▶ [Your goal] The answer must consist solely of the lines from the line with "The sea stacks" to the final line of the data below, reproduced exactly, pictures omitted.

▶ [Provided records]

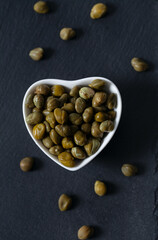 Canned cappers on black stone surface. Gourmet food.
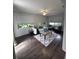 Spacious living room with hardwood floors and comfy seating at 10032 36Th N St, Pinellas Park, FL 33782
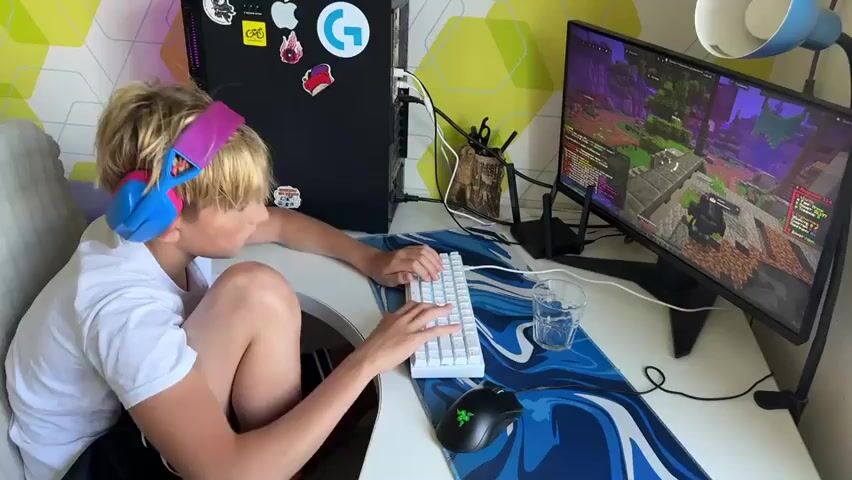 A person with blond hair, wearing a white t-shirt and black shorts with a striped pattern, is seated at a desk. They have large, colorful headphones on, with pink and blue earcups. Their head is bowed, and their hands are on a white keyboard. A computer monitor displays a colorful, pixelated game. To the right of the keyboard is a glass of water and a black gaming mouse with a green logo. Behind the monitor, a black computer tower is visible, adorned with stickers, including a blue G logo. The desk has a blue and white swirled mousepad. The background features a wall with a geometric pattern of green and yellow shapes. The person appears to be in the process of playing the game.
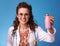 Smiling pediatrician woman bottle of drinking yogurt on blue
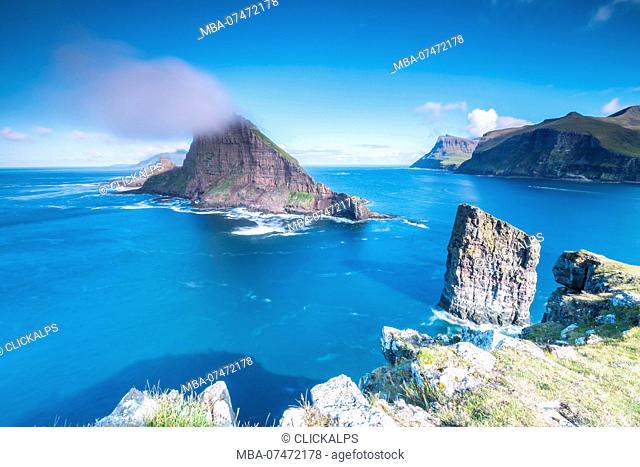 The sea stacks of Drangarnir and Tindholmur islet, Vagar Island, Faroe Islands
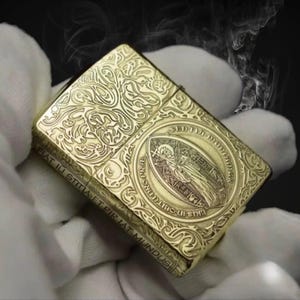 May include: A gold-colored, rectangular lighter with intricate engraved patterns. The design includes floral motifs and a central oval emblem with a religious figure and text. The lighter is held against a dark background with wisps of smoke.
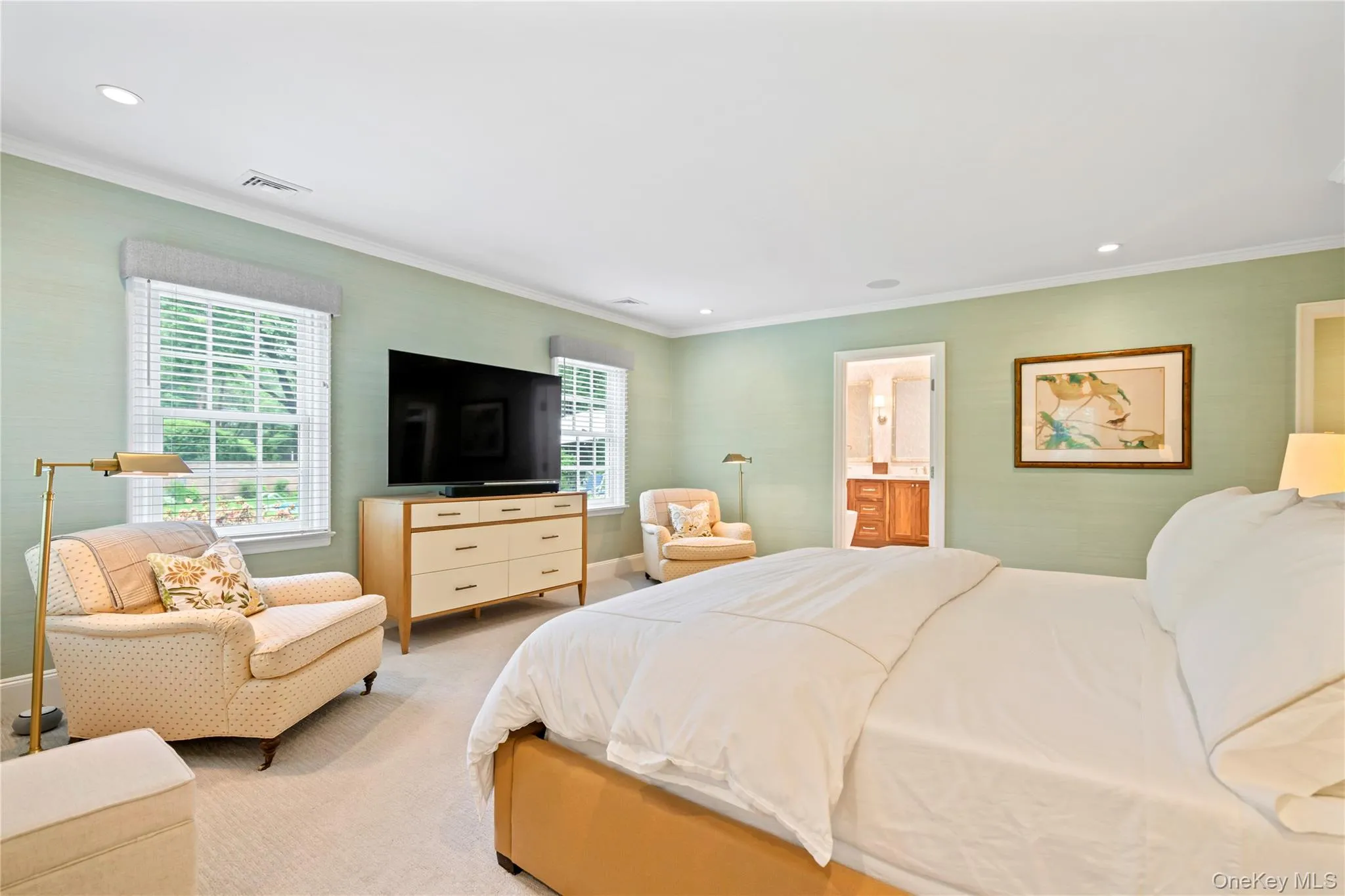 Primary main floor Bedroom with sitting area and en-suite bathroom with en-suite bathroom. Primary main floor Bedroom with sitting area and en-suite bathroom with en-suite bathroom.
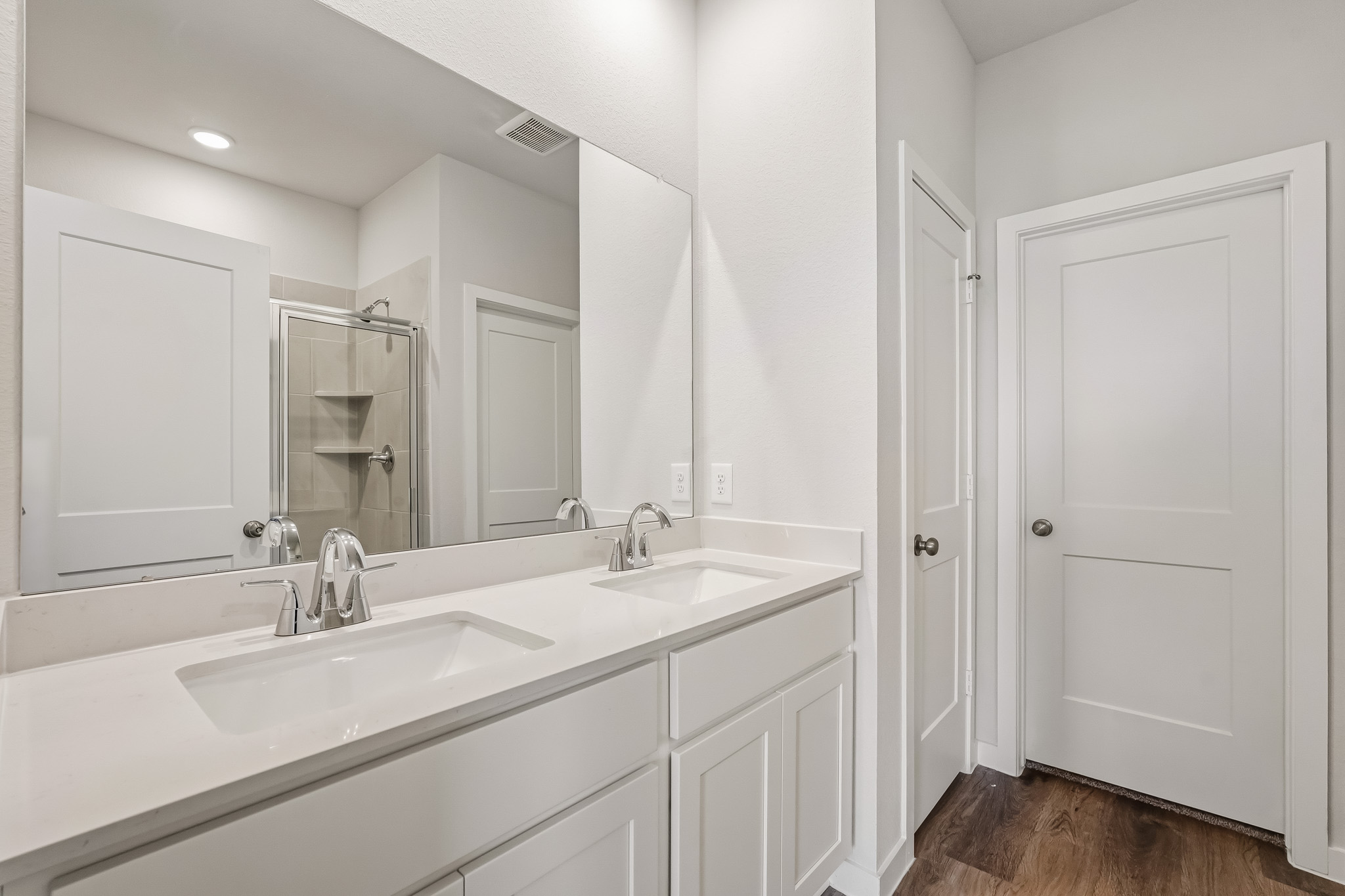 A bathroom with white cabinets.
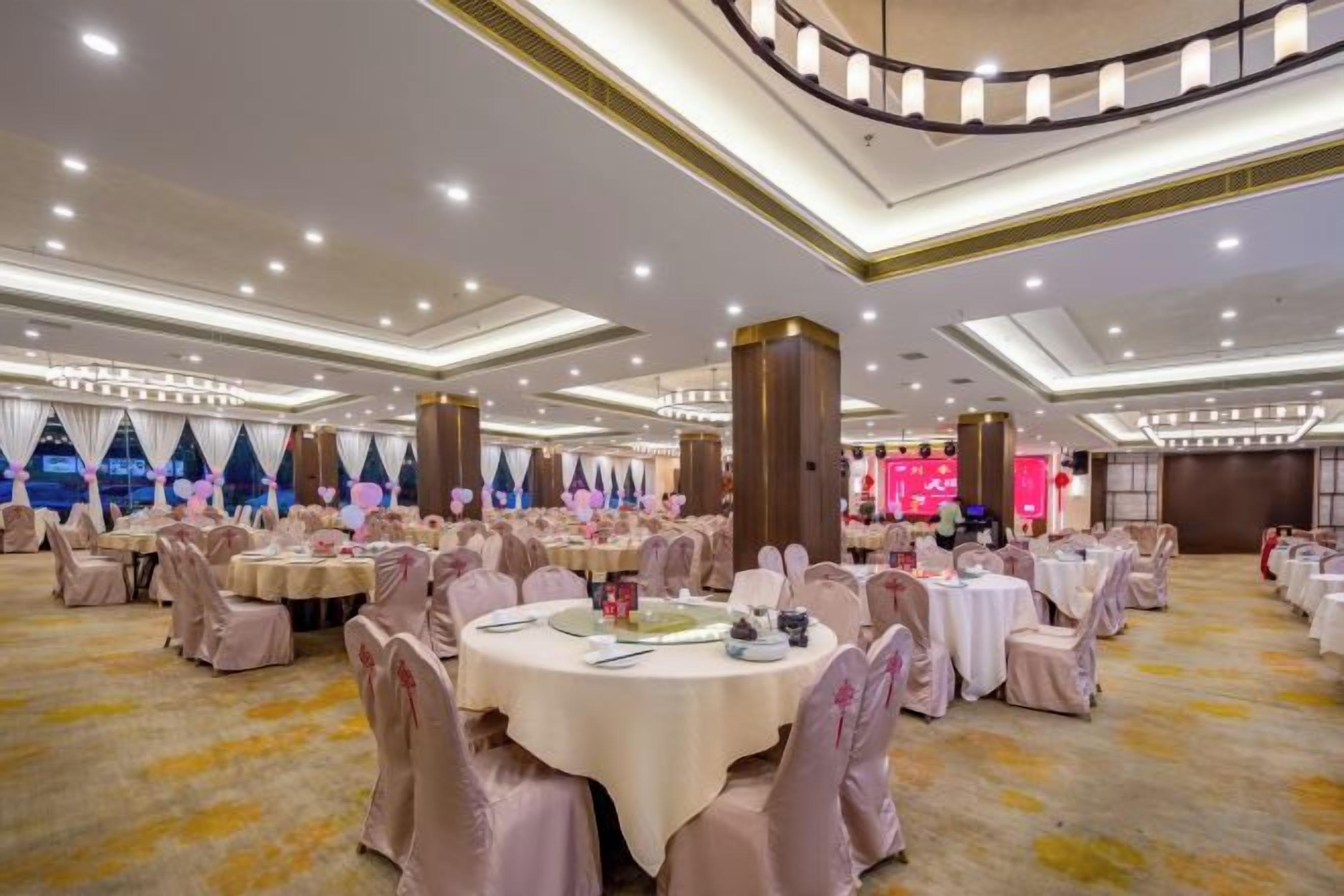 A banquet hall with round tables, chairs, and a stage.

▶ [Response for this exercise]
 The sea stacks of Drangarnir and Tindholmur islet, Vagar Island, Faroe Islands
 May include: A gold-colored, rectangular lighter with intricate engraved patterns. The design includes floral motifs and a central oval emblem with a religious figure and text. The lighter is held against a dark background with wisps of smoke.
 Primary main floor Bedroom with sitting area and en-suite bathroom with en-suite bathroom. Primary main floor Bedroom with sitting area and en-suite bathroom with en-suite bathroom.
 A bathroom with white cabinets.
 A banquet hall with round tables, chairs, and a stage.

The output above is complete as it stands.